Be that as it may, the fact is the same sensors that are put into play for autonomous cars are also making the cars we drive safer, and in many ways are making the very roads we drive on safer as a whole, too.
Specifically, a number of intriguing connected car projects between Ford Motor Company and Georgia Tech University recently caught our attention. The first is probably best classified as a matter of convenience more than one of safety, but it speaks to the growing ability of a car to sense its surroundings and make recommendations and decisions on behalf of its occupants.
Called Parking Spotter, the gist is this. Sensors embedded in the car are able to provide the driver with intelligence about open parking spaces in their immediate vicinity. In practice, the car becomes a “probe” for open parking and would be able to marry the information to the car’s navigation system so that, more than simply mapping a driver’s route to his or her destination, it guides them directly to an open parking space close by.
Ford gathered data to illustrate the urban challenge of parking: only about 12 percent of drivers looking for an open space at any one time actually find one directly. Put another way, that’s more than 70 million hours wasted each year looking for parking. Translation—it’s a crap shoot.

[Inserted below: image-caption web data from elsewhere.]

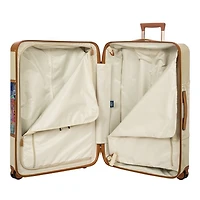 Andy Warhol Bellagio 30" Spinner Suitcase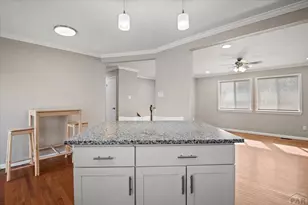 24975 S Rd, Pueblo, CO 81006 - Photo 11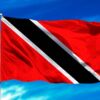 Bandera de Trinidad y Tobago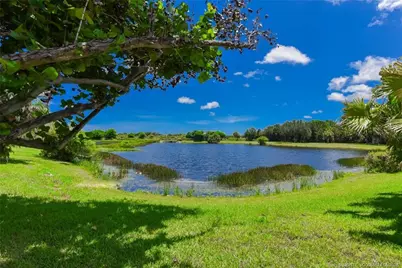 704 SW Myakka River Trace SW, Port Saint Lucie, FL 34986 - Photo 33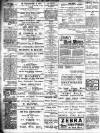 New Ross Standard Friday 02 January 1903 Page 8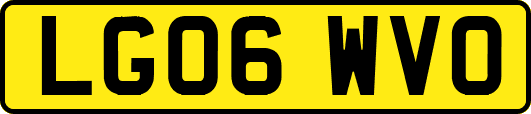 LG06WVO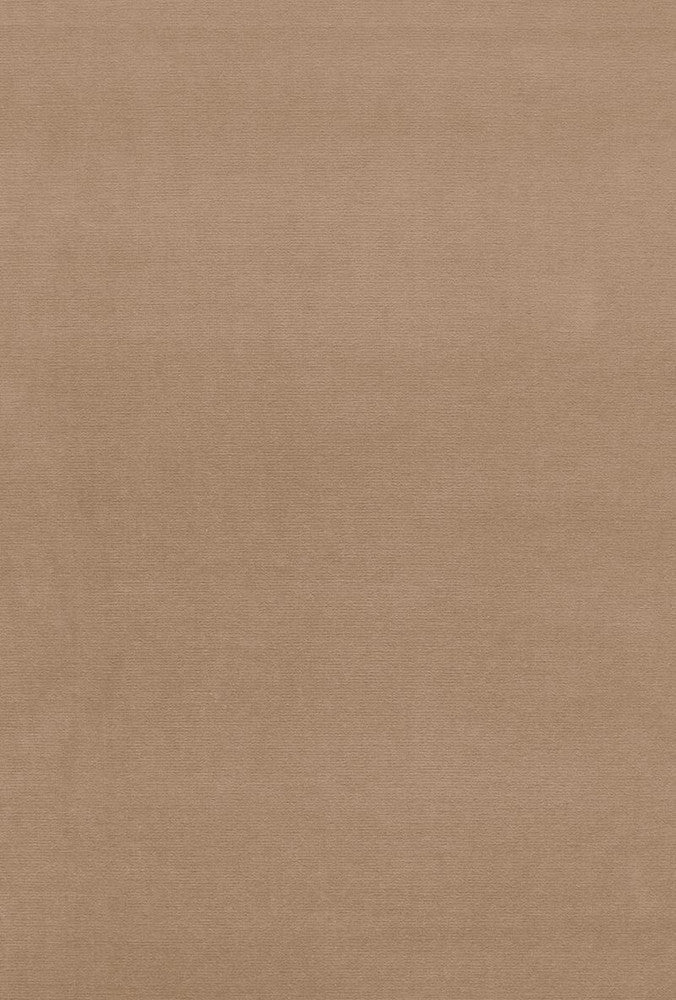 Gainsborough Velvet Ash 42857 by Schumacher Designer Fabric Gainsborough-Velvets 100% Cotton Wyzenbeek 40,000 Horizontal: - and Vertical: - 55 - Swanky Fabrics -
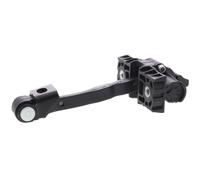 Vaico - V10-6683 - Porta Quadri - Per Volkswagen 1S4839249A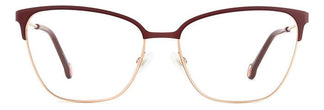 Carolina Herrera HER 0119 NOA 56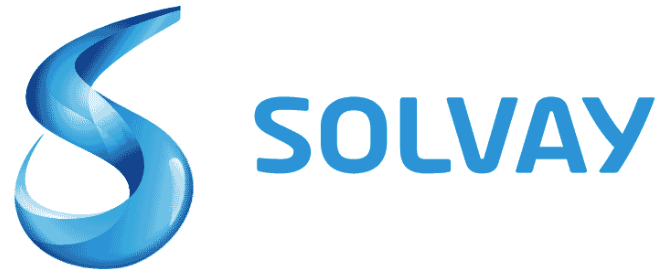 solvay temoignage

Putting the frustration factor aside, this constant hunt for parking by city drivers is one of the biggest contributors to congestion, which in turn creates a cauldron for more potential accidents to occur. The process also contributes to fuel consumption and carbon dioxide emissions, both of which stand to be lessened if a Parking Spotter assistant comes to bear.
The next application holds significantly more potential for safer roads in our view, but perhaps not quite in the way you’d expect. Ford calls this one Remote Repositioning, and it is essentially the idea that someone can sit in an office, or a studio, or in their living room and remotely drive a vehicle via streaming video over LTE networks.

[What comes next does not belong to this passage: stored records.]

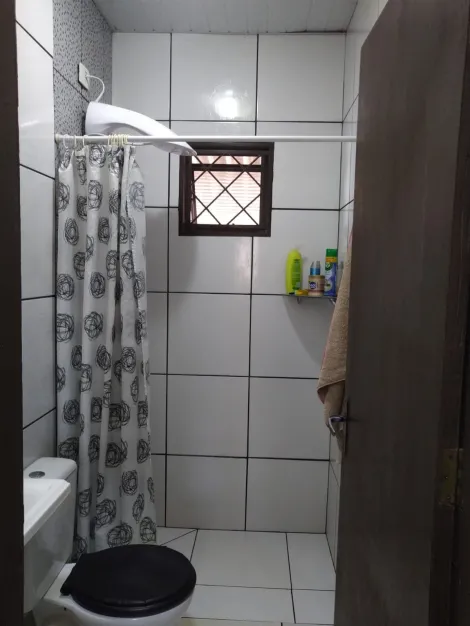 Comprar Casa / Padr&atilde;o em S&atilde;o Jos&eacute; do Rio Preto R$ 260.000,00 - Foto 17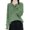 Light Green, variant on Ediodpoh Women’s Knit Cardigan with Hood Oversized Casual Sweater Soft Comfortable Cozy Pullover for Fall Winter Cardigan for Women Khaki L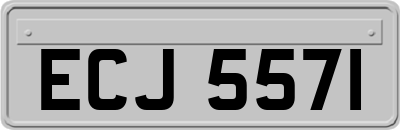 ECJ5571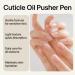Stylo pour Cuticules - 2ml R paration Hydratante P dicure - Application En Stylo Pour Ongles Et Cuticules - pour Soins Domicile Hommes Femmes Ongles des Pieds et des Mains Hydratant - Buy Online on GoSupps.com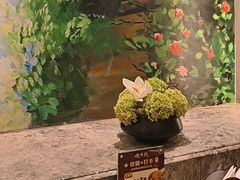 -鸽味轩·粤菜小馆(高楼门总店)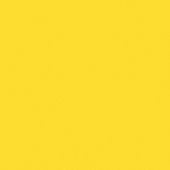 Керамическая плитка Axima 55521 Вегас 20x20 желтая матовая моноколор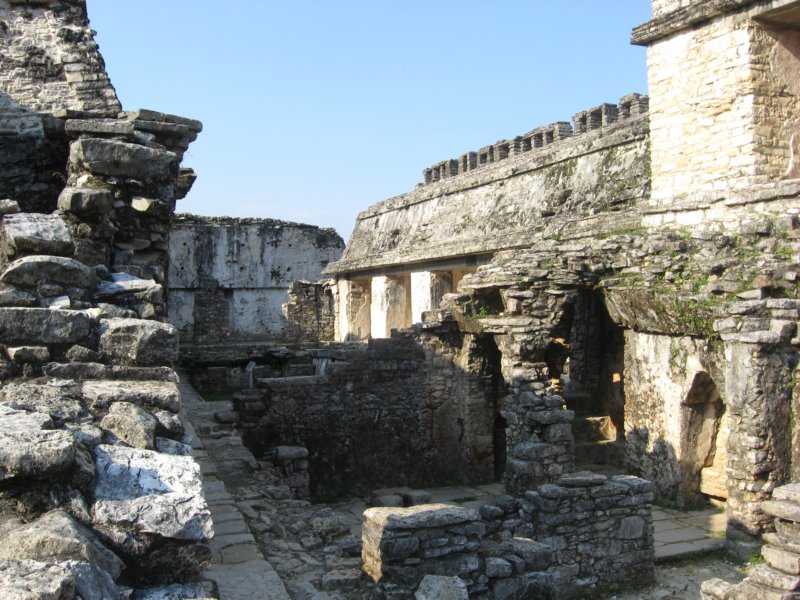 palenque185.jpg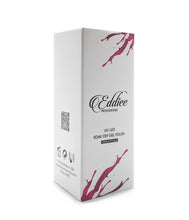 Load image into Gallery viewer, UV LED Nail Gel Polish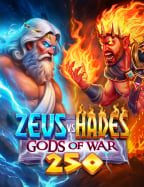 ufabet ไม่มี ขั้น ต่ํา: วิธีเล่นง่ายๆ สำหรับมือใหม่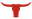 The Meat House Market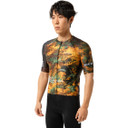 Soomom Base Studio Edition Jersey Bloom Yellow
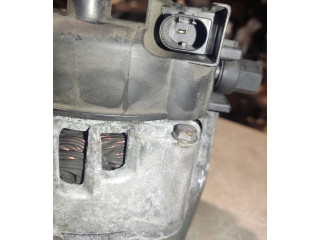 Генератор BMW X3 E83 2003 - 2010 года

As Ford’s Dave McCreadie puts it, LTE has enough capability in the way of bandwidth and latency that we can stream live video and data from a vehicle to a remote driver, and stream that driver’s actions back to the vehicle to control it.
Initial testing is of course being carried out with golf carts in a controlled environment at Georgia Tech, but the implications for remotely driving a person’s car are a much greater sight to behold. Ford notes the business benefits (boosting productivity for a roving car rental employee, or a valet service where the valet parks your car without the valet having to get in it) and the opportunity to improve quality of life, where disabled or elderly persons could be granted mobility via such a machine.
We, however, envision an even more noble use, mainly as a means to dramatically reduce the incidence of DUI. Imagine if cars were one day equipped with this technology and there was a service standing by to, essentially, drive you home in your own car if you over-imbibed. The concept could go even further, where the car itself could “breathalyze” its driver after a night out and automatically turn itself over to a remote “drive-me-home” service if BAC levels were not where they should be.
These are heady thoughts to be sure, but the fact we can even think them comes down to an evolution of M2M sensors and devices, which not only take advantage of increased LTE network strength, but also now contain a level of mechanical sophistication to do what’s asked of them, in real-time and every time. Without that, none of these applications would go further than an engineer’s train of thought.